Umberto Boccioni: biografia

Nasce a Reggio Calabria nel 1882.

Dopo aver terminato gli studi superiori, si trasferisce a Roma nel 1901 ed inizia a praticare la pittura e la scultura. Nel 1906 si iscrive all’Accademia di Belle Arti di Venezia e nel 1907 si trasferisce a Milano, dove entra in contatto con l’ambiente dei divisionisti e con Filippo Tommaso Marinetti.
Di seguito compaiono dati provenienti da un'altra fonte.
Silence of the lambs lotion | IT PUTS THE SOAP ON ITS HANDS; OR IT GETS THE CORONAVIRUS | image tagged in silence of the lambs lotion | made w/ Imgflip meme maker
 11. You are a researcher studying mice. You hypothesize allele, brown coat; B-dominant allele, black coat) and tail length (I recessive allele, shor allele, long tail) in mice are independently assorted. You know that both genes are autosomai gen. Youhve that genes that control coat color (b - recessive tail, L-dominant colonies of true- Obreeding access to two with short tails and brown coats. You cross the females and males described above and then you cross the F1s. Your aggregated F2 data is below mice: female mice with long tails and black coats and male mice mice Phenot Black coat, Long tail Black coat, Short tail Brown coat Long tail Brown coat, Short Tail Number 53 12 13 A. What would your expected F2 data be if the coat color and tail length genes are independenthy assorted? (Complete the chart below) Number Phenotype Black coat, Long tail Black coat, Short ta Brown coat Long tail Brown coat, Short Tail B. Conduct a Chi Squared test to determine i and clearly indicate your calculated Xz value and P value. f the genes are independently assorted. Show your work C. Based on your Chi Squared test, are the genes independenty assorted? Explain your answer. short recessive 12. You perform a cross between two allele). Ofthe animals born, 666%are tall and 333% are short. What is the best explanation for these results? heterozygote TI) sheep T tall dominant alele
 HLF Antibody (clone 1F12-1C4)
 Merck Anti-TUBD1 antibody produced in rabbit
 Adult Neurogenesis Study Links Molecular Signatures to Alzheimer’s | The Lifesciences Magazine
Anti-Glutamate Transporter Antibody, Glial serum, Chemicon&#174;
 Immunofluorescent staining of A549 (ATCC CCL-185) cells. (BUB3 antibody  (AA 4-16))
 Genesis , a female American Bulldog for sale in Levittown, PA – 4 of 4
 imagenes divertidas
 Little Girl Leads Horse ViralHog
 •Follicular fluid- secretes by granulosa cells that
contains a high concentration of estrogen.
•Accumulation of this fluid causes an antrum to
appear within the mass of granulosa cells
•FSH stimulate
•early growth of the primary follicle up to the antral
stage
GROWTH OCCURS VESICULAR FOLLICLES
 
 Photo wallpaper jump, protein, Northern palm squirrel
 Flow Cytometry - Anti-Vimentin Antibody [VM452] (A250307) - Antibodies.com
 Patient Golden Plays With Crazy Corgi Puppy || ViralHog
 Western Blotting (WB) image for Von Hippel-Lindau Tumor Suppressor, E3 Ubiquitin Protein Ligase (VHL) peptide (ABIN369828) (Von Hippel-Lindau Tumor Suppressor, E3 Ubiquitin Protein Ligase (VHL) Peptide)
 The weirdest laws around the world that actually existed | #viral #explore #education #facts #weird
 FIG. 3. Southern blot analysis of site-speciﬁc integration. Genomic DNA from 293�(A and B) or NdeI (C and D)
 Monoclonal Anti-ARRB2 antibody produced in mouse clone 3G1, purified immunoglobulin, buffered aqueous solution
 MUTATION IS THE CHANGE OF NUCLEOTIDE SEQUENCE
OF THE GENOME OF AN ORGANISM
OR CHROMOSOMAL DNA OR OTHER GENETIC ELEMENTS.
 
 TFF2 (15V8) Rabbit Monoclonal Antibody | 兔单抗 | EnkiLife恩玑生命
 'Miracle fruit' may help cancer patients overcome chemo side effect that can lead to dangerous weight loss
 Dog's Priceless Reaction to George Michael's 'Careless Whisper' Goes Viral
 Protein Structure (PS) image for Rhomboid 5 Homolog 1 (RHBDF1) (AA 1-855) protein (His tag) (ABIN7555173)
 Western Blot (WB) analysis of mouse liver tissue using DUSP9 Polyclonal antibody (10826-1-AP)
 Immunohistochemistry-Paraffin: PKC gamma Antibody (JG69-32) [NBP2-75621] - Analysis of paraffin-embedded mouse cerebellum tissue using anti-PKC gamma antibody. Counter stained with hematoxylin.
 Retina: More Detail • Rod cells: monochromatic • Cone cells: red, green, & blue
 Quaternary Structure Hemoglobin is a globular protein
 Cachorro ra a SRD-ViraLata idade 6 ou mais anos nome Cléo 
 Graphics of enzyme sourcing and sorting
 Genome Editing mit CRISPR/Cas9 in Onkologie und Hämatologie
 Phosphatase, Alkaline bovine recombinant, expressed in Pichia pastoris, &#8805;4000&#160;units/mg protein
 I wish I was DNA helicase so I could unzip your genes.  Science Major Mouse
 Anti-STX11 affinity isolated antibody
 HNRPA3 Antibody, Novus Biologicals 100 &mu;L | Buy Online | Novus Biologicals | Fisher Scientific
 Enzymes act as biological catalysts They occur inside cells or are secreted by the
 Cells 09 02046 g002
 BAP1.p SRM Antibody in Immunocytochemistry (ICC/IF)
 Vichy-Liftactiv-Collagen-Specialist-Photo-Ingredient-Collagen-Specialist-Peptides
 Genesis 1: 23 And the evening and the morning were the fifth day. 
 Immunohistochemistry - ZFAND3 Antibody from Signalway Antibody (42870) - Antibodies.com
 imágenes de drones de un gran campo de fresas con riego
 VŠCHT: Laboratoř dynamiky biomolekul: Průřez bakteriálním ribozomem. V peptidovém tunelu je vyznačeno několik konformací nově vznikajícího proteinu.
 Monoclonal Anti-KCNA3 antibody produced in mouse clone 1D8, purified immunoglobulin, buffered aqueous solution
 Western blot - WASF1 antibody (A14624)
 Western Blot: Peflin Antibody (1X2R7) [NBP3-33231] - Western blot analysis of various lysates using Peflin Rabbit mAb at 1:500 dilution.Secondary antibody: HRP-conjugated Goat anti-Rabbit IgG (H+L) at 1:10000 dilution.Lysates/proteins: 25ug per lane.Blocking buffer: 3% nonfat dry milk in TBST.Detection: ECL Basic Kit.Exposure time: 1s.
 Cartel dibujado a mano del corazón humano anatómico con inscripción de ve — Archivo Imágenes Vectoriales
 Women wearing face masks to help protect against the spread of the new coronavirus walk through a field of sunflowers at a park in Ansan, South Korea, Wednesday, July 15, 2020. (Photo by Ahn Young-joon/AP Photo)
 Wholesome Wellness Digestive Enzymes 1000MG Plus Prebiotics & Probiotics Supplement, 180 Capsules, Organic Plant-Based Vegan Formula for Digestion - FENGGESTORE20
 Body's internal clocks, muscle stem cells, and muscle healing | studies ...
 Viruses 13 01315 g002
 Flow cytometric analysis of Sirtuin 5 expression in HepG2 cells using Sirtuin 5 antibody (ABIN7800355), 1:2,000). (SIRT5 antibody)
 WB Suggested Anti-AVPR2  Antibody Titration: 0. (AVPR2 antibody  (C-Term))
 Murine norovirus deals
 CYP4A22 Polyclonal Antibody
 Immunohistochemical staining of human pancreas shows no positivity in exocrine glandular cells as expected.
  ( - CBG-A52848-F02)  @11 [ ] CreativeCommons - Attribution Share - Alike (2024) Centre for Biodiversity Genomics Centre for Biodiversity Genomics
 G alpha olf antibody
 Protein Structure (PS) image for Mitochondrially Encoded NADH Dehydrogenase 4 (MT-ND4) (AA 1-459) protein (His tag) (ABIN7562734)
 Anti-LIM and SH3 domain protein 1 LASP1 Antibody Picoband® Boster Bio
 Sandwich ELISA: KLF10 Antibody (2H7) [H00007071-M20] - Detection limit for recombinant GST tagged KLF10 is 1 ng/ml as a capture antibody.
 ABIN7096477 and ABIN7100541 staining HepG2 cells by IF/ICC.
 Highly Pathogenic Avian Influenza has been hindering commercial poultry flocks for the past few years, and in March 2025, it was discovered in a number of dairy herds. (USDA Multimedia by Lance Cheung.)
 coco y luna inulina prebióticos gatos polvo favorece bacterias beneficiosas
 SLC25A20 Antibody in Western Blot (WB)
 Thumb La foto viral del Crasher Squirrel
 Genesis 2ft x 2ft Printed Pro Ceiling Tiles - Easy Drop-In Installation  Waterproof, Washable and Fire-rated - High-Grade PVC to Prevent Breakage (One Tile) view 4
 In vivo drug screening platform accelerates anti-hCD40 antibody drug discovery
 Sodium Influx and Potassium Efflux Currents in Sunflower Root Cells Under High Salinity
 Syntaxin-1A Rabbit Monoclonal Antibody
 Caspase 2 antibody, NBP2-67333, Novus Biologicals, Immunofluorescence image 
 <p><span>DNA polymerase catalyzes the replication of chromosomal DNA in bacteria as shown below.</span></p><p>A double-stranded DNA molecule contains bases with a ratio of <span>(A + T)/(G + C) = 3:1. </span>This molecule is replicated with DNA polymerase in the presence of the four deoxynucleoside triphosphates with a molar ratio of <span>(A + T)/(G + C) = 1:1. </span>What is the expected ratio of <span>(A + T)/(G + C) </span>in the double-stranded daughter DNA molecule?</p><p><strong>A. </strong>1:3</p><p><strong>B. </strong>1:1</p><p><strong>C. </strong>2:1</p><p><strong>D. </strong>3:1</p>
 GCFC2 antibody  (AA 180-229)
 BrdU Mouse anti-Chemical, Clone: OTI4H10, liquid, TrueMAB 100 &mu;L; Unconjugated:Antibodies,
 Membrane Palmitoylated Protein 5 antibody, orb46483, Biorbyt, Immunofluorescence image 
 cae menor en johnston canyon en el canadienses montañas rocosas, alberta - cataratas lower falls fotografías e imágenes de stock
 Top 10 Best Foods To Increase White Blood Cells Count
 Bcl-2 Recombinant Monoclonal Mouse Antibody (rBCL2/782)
Nel 1910 partecipa alla scrittura del Manifesto dei pittori futuristi e del Manifesto tecnico del movimento futurista. Le sue opere propongono temi moderni, staccandosi dalla pittura del passato, ed esprimono con nuove forme il dinamismo e la caoticità della vita contemporanea. Anche nella scultura Boccioni trascura i materiali nobili come marmo e bronzo e preferisce materiali “industriali” quali il legno, il ferro e il vetro.

Tra le sue opere pittoriche più famose Rissa in Galleria (1910), Forze di una strada (1911), La città che sale (1911) dove la città, come fosse un organismo vivo, è espressa in tutta la sua forza e sovrasta le figure umane.
Boccioni morirà molto giovane, nel corso della Prima Guerra Mondiale, durante un’esercitazione a cavallo. Le sue opere sono esposte a Milano, al Metropolitan di New York e in altri prestigiosi musei nel mondo.